New York Film Academy Student On “Exploiting Your School Environment”
New York Film Academy student Ella Nuortila was featured on Finland blog, FINNYC this week. Ella (a Finland native) is in her first year of the one-year producing program at New York Film Academy’s New York campus, and has just wrapped filming her first two short films. Check out what Ella had to say in this great interview:
How do you think the study environment is different here compared to Finland?
E: Our class is very small, only seven people. That makes the studying more “mentor-type” and we get very hands-on education although there is a lot of room for own creativity. We are able to choose our own projects and the crew for the film, even from outside of the school environment. This enables us to build our contacts and exploit our school environment at the same time.

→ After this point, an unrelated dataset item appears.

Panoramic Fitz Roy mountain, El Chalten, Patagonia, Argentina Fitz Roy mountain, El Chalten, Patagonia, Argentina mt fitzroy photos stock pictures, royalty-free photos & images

What are the greatest advantages of learning film producing in New York, as we know you are going to finish your studies in Helsinki Metropolia School of Applied Sciences in couple of years?
E: It’s definitely the amount of possibilities in terms of finding other independent film producers, shooting locations, and other professionals in the field. For example, there isn’t really a location specialist title in Finland but here you can request special features for the location and they will find it.
Your school program is only one year; how does your spring look like?
E: We are going to shoot a music video which I’m very excited about – I’ve been part of music videos before but not behind the camera and during the whole process from the beginning with discussing with the artist. In addition, we are doing an advertisement, and as the last project I’ll write my “thesis” that is basically writing the Package for my movie idea that I can later pitch to producers and investors.
And after school? Will you stay in New York?
My student visa enables me to work for 12 months after I finish my studies at the New York Film Academy. I hope to find a paid internship or a job so that I could stay here and take advantage of this time as best as I can. This is definitely an opportunity that everyone and anyone should experience. If you want it, you can do it.